Moss grass is a low-maintenance ground cover that can be grown as an alternative to grass. Moss is a green, nonflowering plant with more than 9,000 species.
What Does Moss Grass Look Like?
Moss grass is usually, but not always, green. It is soft and appears as a dense, low-lying mat.
Pros of Moss Grass
Easy to plant;
Can survive in many environments;
Can go a long time without water;
Does not require mowing;
Environmentally friendly because there’s no need to fertilize or water often;
Repels weeds thanks to its natural density;
Can grow in poor quality soil;
Many varieties to choose from.
Cons of Moss Grass
Most varieties require at least part shade;
Leaves and debris need to be removed;
Could lower your home’s resale value because most buyers favor conventional turf grass;
Can look matted after heavy foot traffic;
Dogs and other pets can tear it with their claws.
How to Grow Moss Grass
Moss prefers acidic soil, so your first step is to perform a soil test.
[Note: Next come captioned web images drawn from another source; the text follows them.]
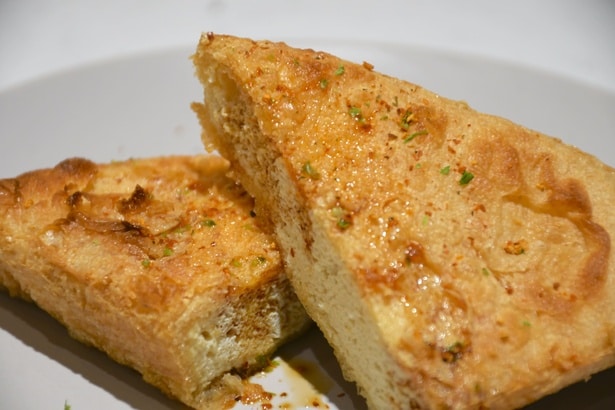 「定義とうふ店」の「三角定義あぶらあげ」(4枚入り/720円)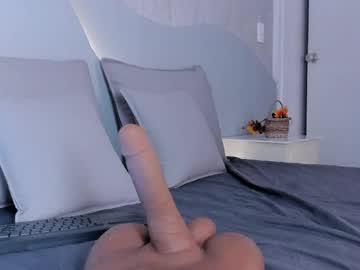 Watch cannelasmith performing live on BoomCams free cam network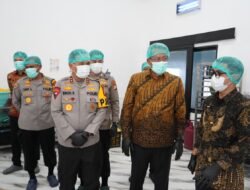 *Tinjau Dapur SPPG Polda Sulteng, Menteri Hukum Puji Standar Kualitas Layak Jadi Contoh*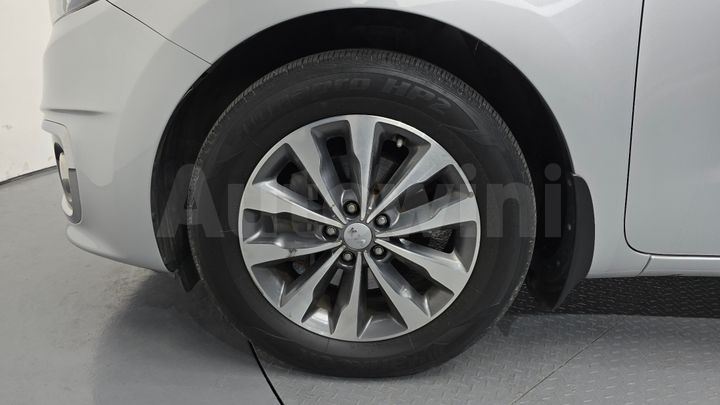 Kia Carnival 2016 — 5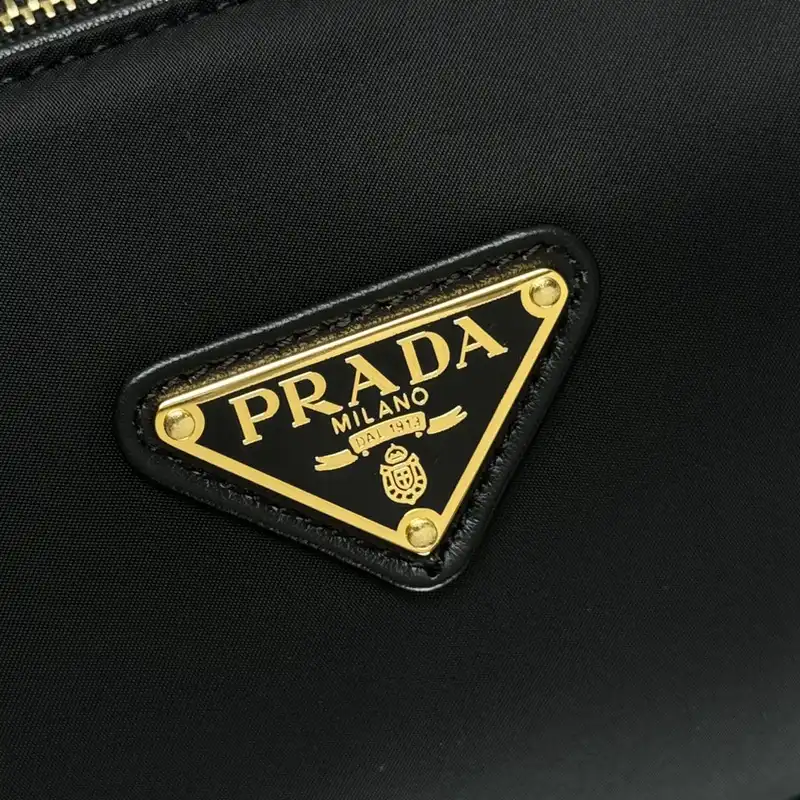 Pra*a bags 2411ya0107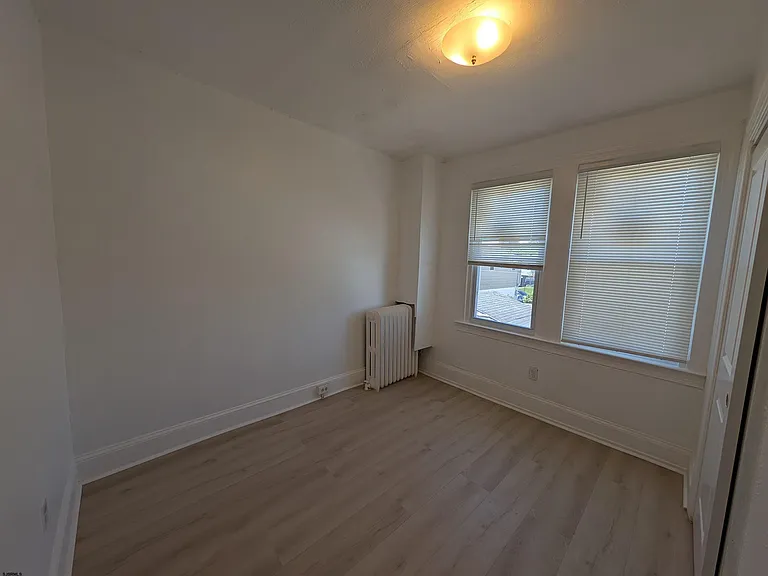1056 N Ohio Ave — Photo 15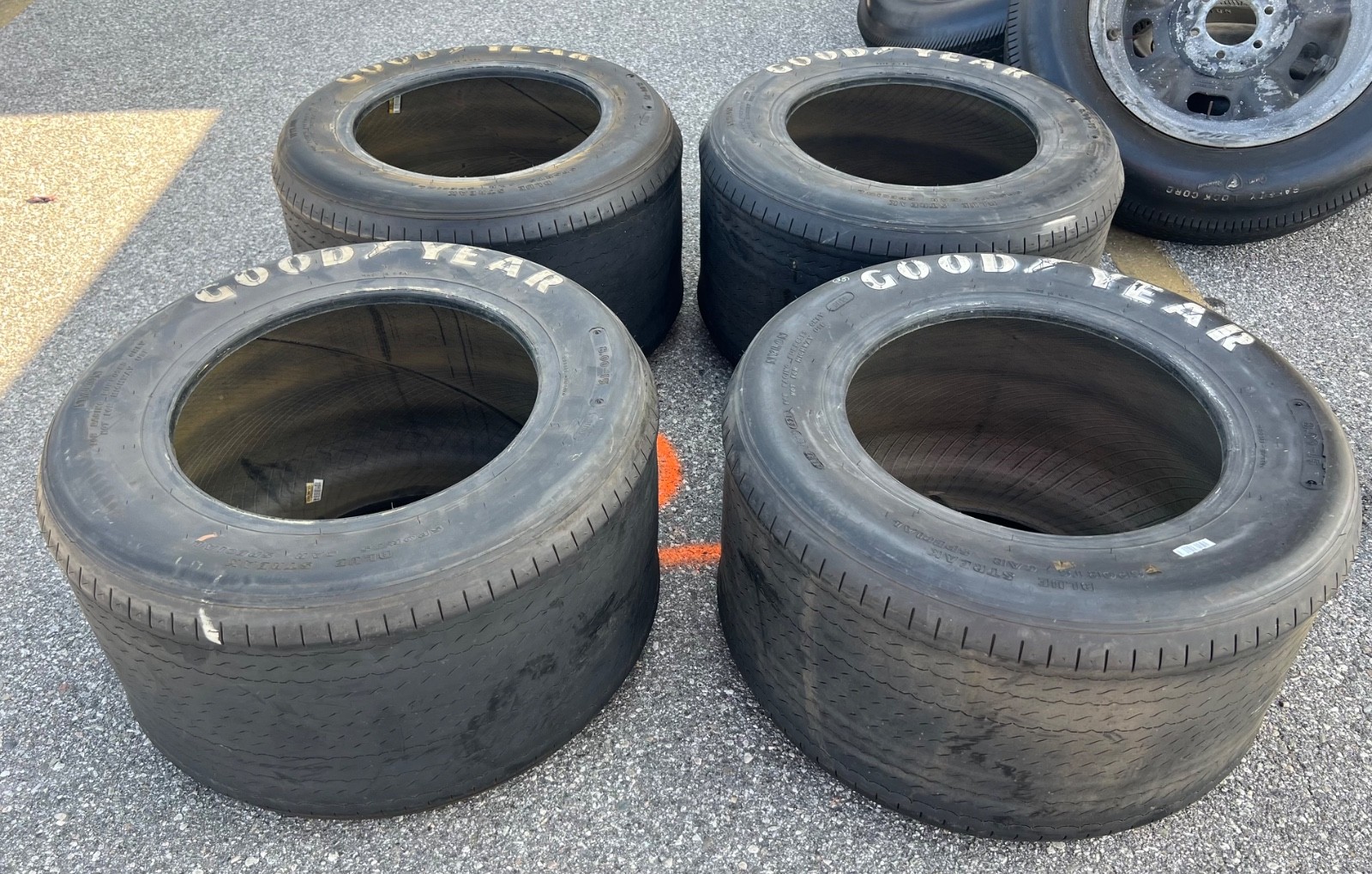 Vintage GOODYEAR BLUE STREAK SPORTS CAR SPECIAL 8.00-15 TIRE Ferrari Alfa Wheel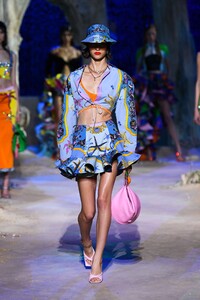 00062-Versace-RTW-SS21.thumb.jpg.0b2b0bb8d2afa1853584436918b1c26c.jpg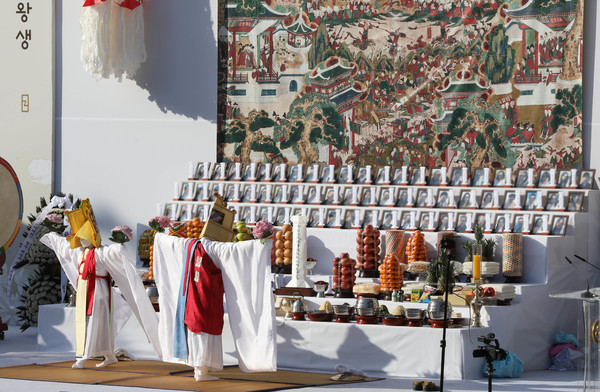 16일 오전 서울 종로구 조계사에서 '10.29 (49재)'가 봉행되고 있다. / 사진=연합뉴스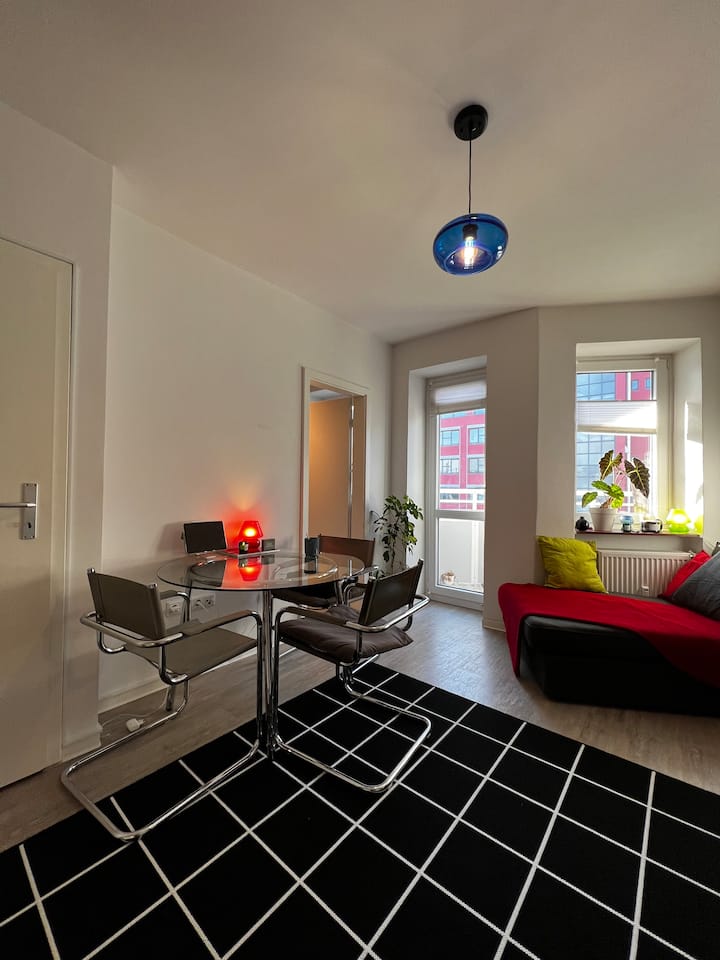 Sunny 35 square meters in the middle of Cologne Apartments for Rent
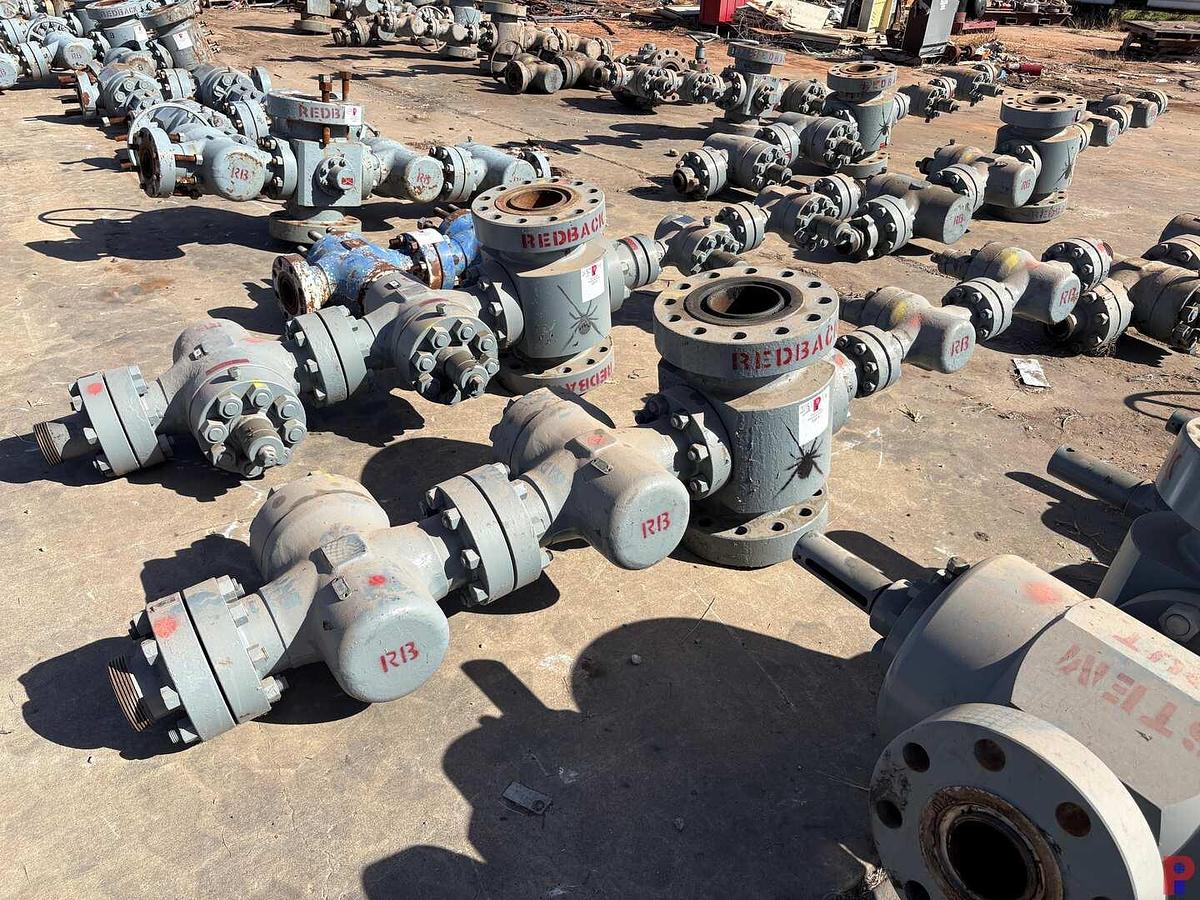 Used 7-1/16” FLUID CROSS W/ (2) 4-1/16” 10K & (2) 2-1/16” 10K GATE VALVES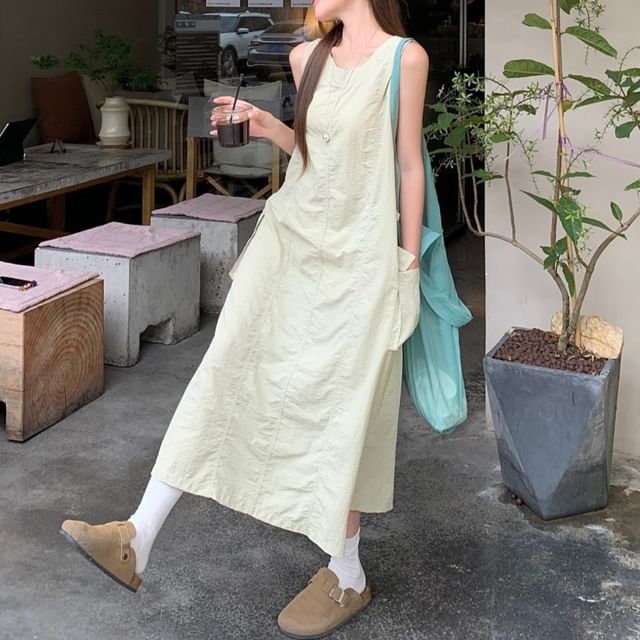 KUMI-Sleeveless Round Neck Plain Midi Tunic Dress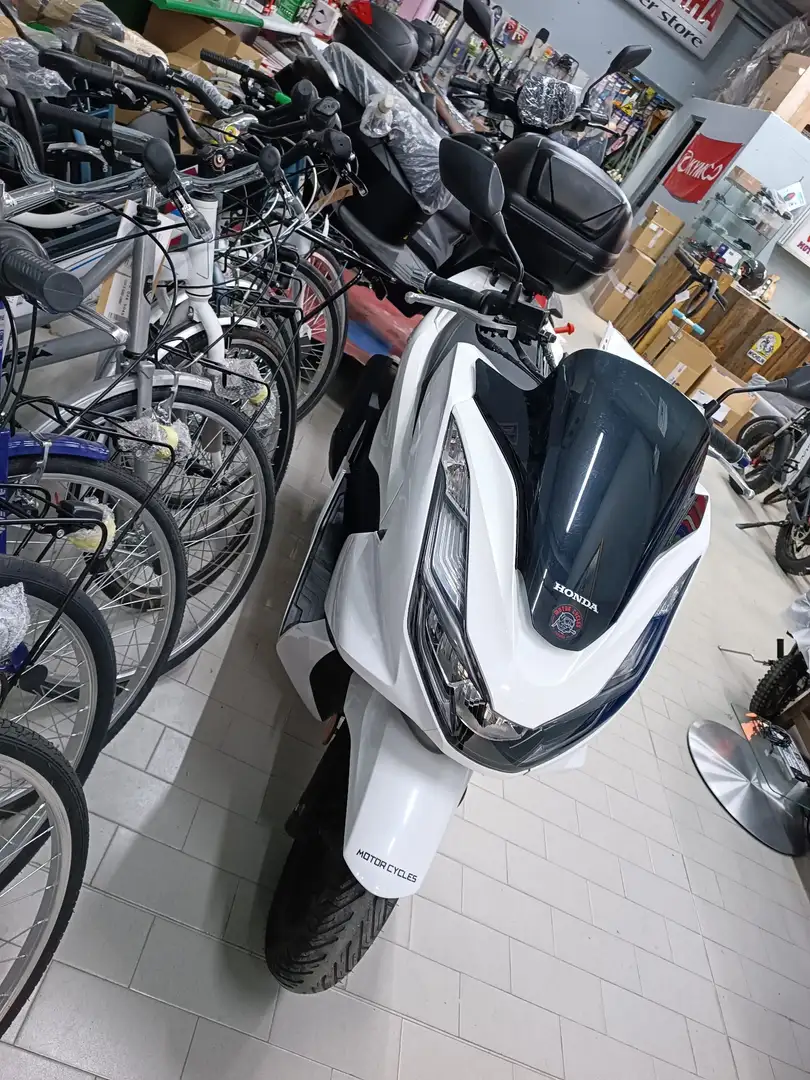 Honda PCX 125 Bianco - 1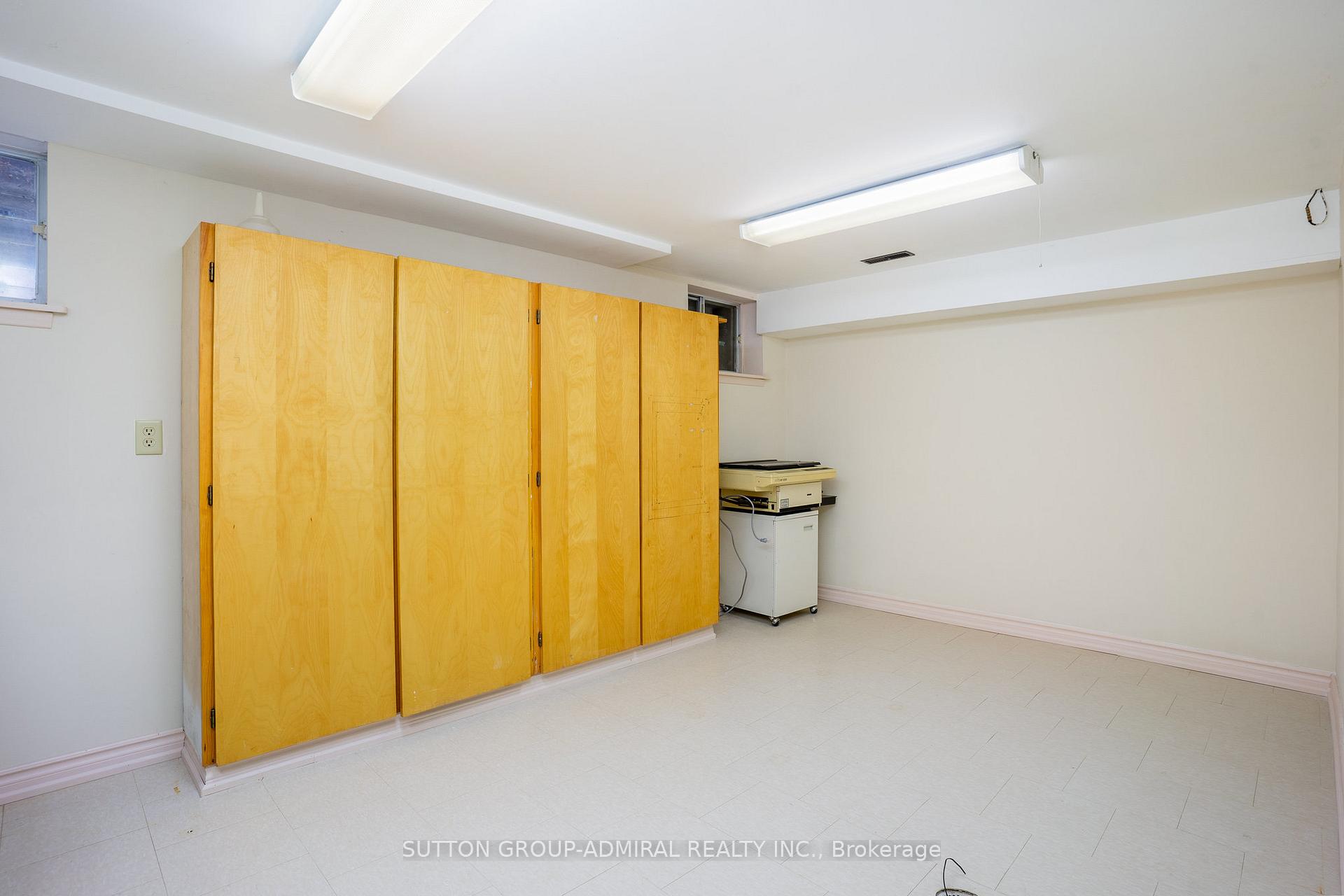Photo 25 of 43 Vanderbrent Crescent, Etobicoke, Willowridge-Martingrove-Richview — HOMEH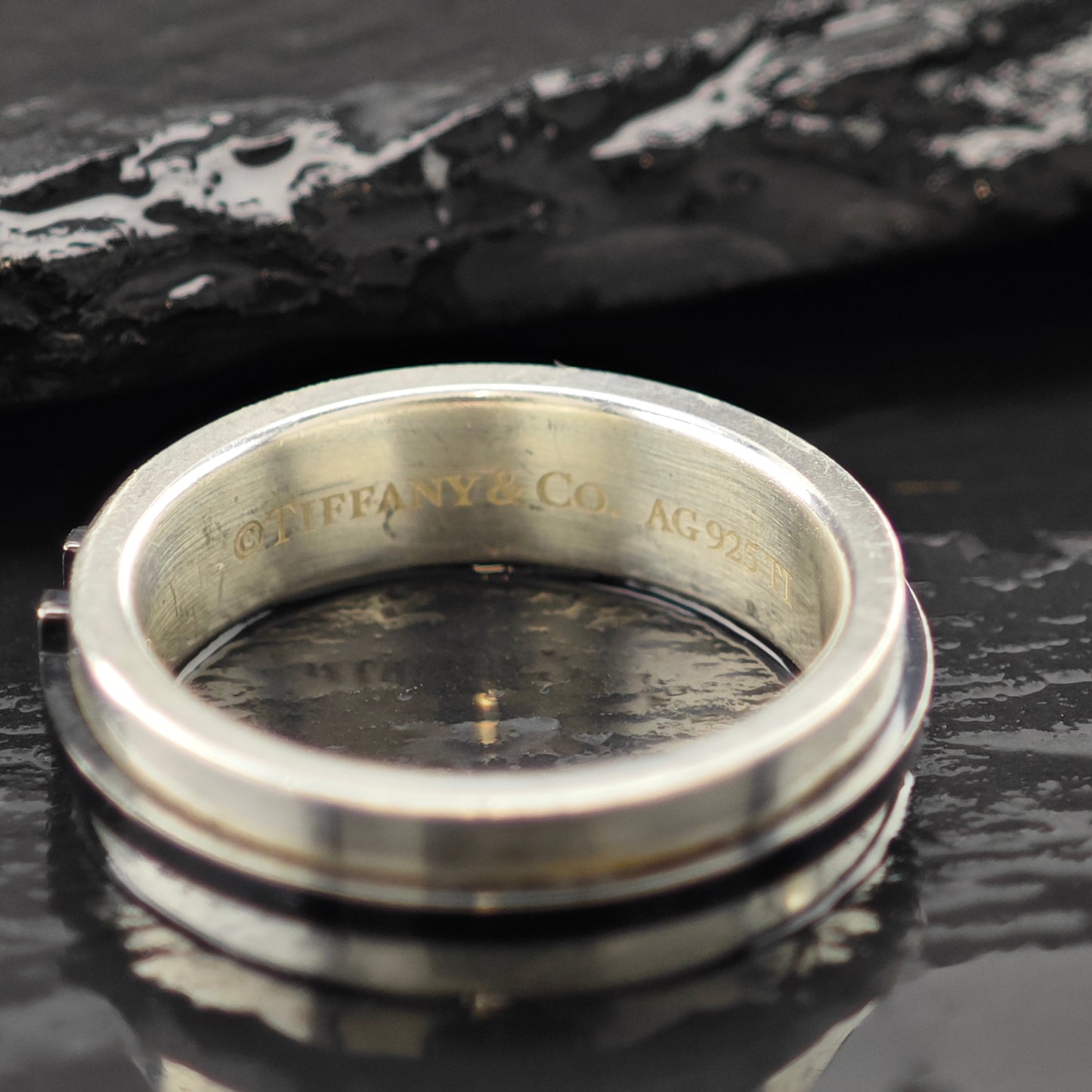 Tiffany & Co. Black Titanium and Silver Band Ring Sterling Silver Sz 6 R6269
It needs a pH of around 5.5. A higher pH can be corrected by adding sulfur.
Next, you’ll need to remove the current lawn covering as well as any other plants. Thoroughly rake the area so it’s free of debris.
Avoid sourcing your moss from the natural environment; it disrupts the ecosystem where the moss is growing. Instead, visit a nursery or work with a lawn care professional to select an appropriate moss. Mosses native to your region have the best chance of thriving. Moss grows in pretty much every part of the United States, including deserts and mountains.
Expect moss grass to cost $4 to $10 per square foot, depending on the variety. That’s more than professionally installed sod, which costs about $1 to $2 per square foot. But keep in mind that moss will save you big bucks on water over the years.
To transplant the moss, moisten the soil before placing the moss over it. Walk on the moss and mist it daily. It will eventually establish itself and reproduce.
How to Get Rid of Moss Grass
If you view moss as a nuisance rather than something to be cultivated, it’s not hard to remove.
Chris Lemcke, national technical director at Weed Man, recommends using a product containing iron such as Lilly Miller Moss Out for Lawns. “Once it turns the moss black, you can rake out the dead moss and reseed the area,” he says.
How to Prevent Moss Grass from Growing Back
Lemcke says the best defense against recurring moss is a healthy lawn. “Overseed the area where you removed the moss,” he says. “Moss has less of a chance of establishing itself in a thick, grassy lawn.”